Cinquième Partie : Songe d'une Nuit de Sabbat (mi b majeur – do mineur – do majeur)
« Il se voit au sabbat, au milieu d’une troupe affreuse d’ombres, de sorciers, de monstres de toute espèce, réunis pour ses funérailles. Bruits étranges, gémissements, éclats de rire, cris lointains auxquels d’autres cris semblent répondre. La mélodie aimée reparaît encore, mais elle a perdu son caractère de noblesse et de timidité ; ce n’est plus qu’un air de danse ignoble, trivial et grotesque : c’est elle qui vient au sabbat... Rugissement de joie à son arrivée... Elle se mêle à l’orgie diabolique... Glas funèbre, parodie burlesque du Dies irae. Ronde du Sabbat. La Ronde du Sabbat et le Dies irae ensemble ».
Berlioz utilise la même orchestration que dans le mouvement précédent, mais y ajoute une petite clarinette, des clo-ches et des divisions chez les cordes (en 2 et 3 voix).
Apprenant qu’Harriet Smithson avait une relation scandaleuse avec son impresario, Berlioz composa ce mouvement final avec plein de rancune. La bien-aimée est représentée, selon ses propres mots comme « une catin sans vergogne [car] c’est une courtisane, feux et tonnerre ! Je la plains et je la méprise. C’est une femme ordinaire, douée d’un génie instinctif pour exprimer les déchirements de l’âme humaine qu’elle n’a jamais ressentis, et incapable de concevoir un sentiment immense et noble comme celui dont je l’honorais » (lettre du 23 février 1830).
Ce mouvement, de forme très libre, est volontairement le plus provocant de toute la symphonie ; il va bien au delà de tout ce qui avait pu être tenté dans le genre jusqu’alors. L’artiste, assoiffé de vengeance, imagine retrouver sa bien-aimée sous les traits d’une sorcière grimée et défigurée par une assemblée de sorcières, de monstres et de fantômes : l’idée fixe apparaît sous un jour cru et déformé, entonnée par la stridente clarinette en mi bémol avec ses trilles, com-me un grand rire sardonique.
Le thème devient le point de départ d’une action inouïe d’autodestruction. Les thèmes principaux retentissent les uns à la suite des autres.
Onze fois répétée, une sonnerie de cloches se mêle aux sons du Dies irae. Les tubas et les bassons, dans le grave en valeurs longues, émettent une première fois le thème. Il est repris ensuite par les trombones et les cors, une octave au-dessus et dans un tempo double. La troisième entrée (des trombones), deux octaves au-dessus, prend à son tour un aspect caricatural.

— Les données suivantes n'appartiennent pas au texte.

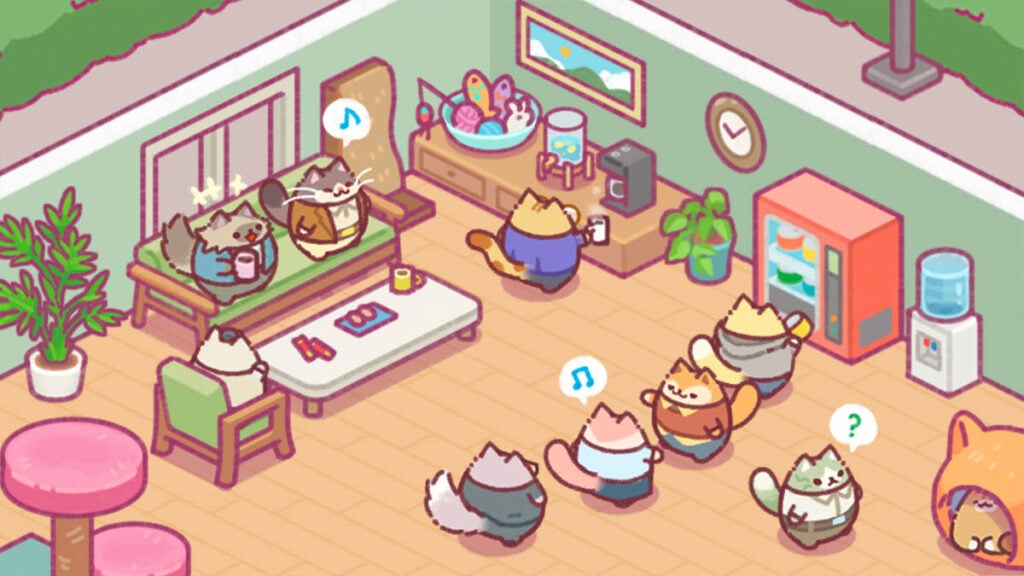 Office Cat Idle Tycoon Games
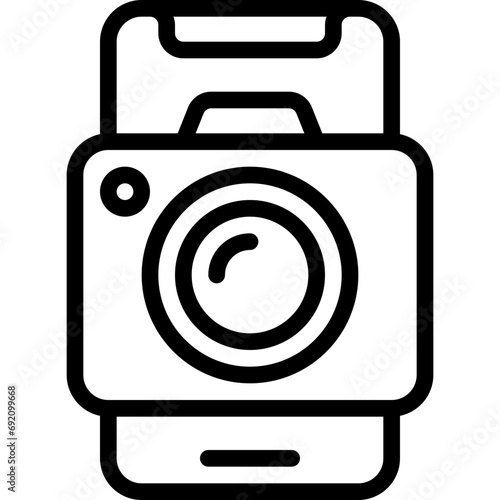 Smart Phone Camera Icon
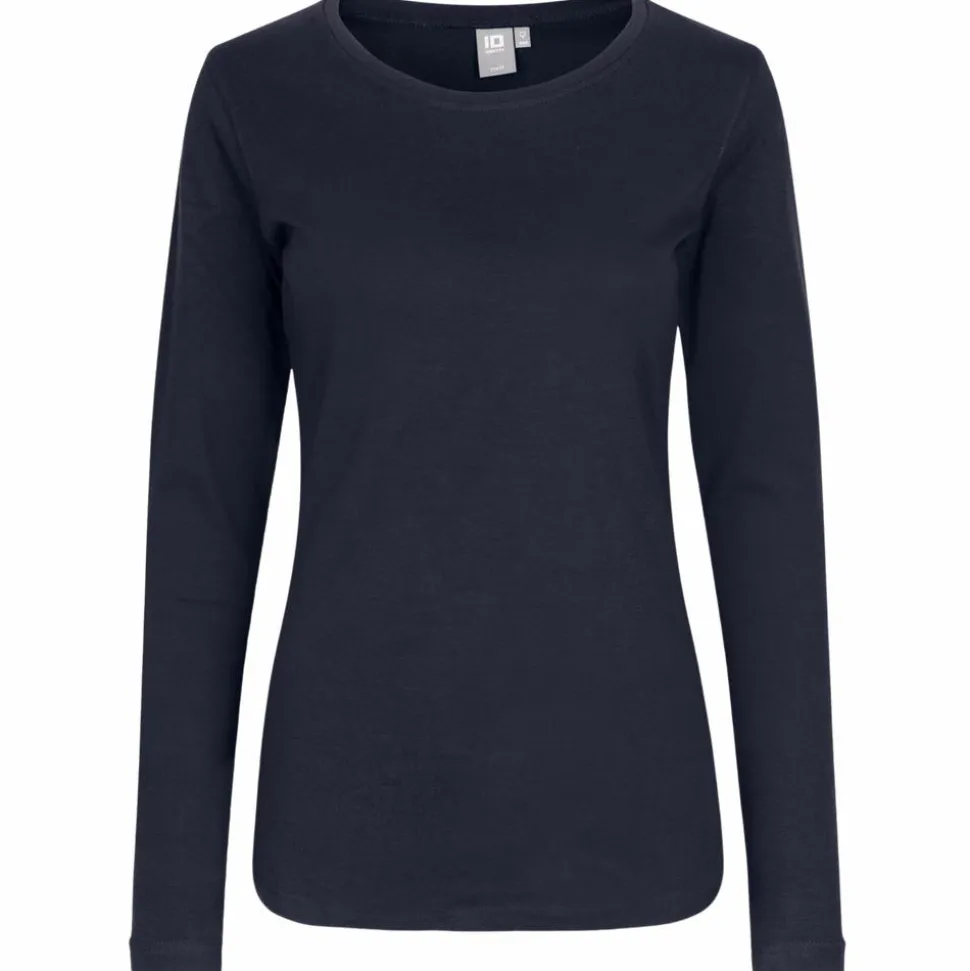 ID Interlock Dame Langærmet t-shirt - Navy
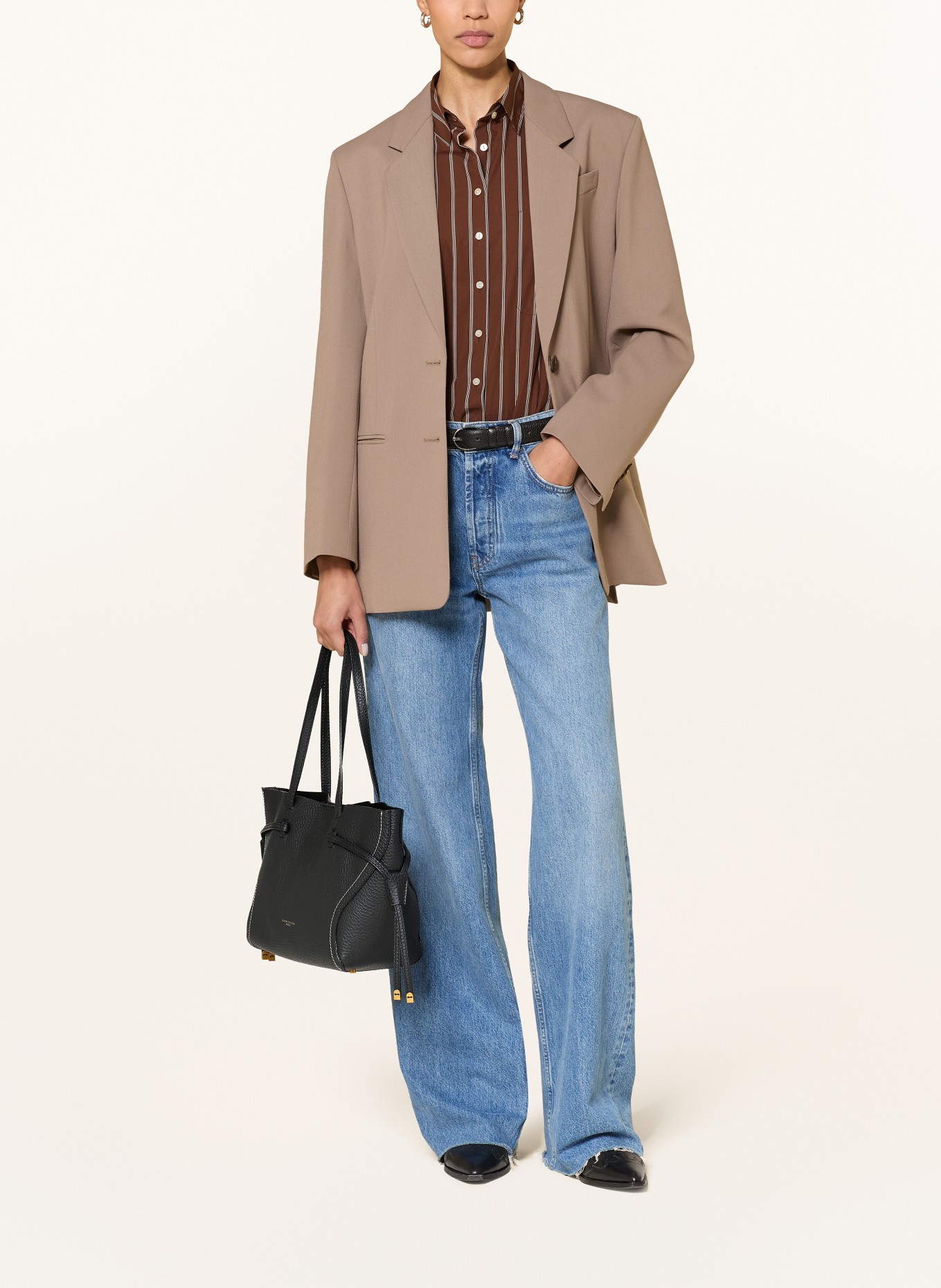 GIANNI CHIARINI Shopper VIOLETTE met etui: ZWART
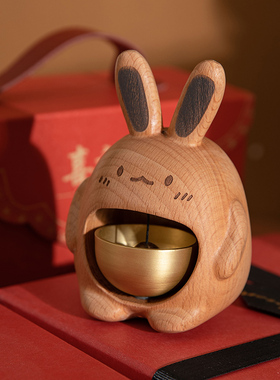 兔子门铃摆件乔迁新居礼品开业搬家礼物创意入户门玄关客厅装饰品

À ce thème répond la Ronde du sabbat, fondée sur des superpositions de rythmes binaires et ternaires. « Elle !!! Elle !!! Ses traits nobles et gracieux défigurés par une ironie affreuse, sa douce voix changée en hurlement de bacchante, puis ces cloches, ce chant de mort, religieux et impie, funèbre et burlesque, emprunté à l’Église par l’Enfer pour une insultante parodie ! ».

Les deux thèmes finissent par se confondre. Une fugue étrange s’ouvre alors, parfois enjouée, parfois ironique (avec le col legno des cordes), ou inquiétante (arpèges brisées des bois, reprise du thème grave du Dies Irae aux cuivres en contrepoint). La strette finale permet au compositeur de fusionner tous les thèmes afin de conclure sur l’animando poco final et le brillant accord final de do majeur.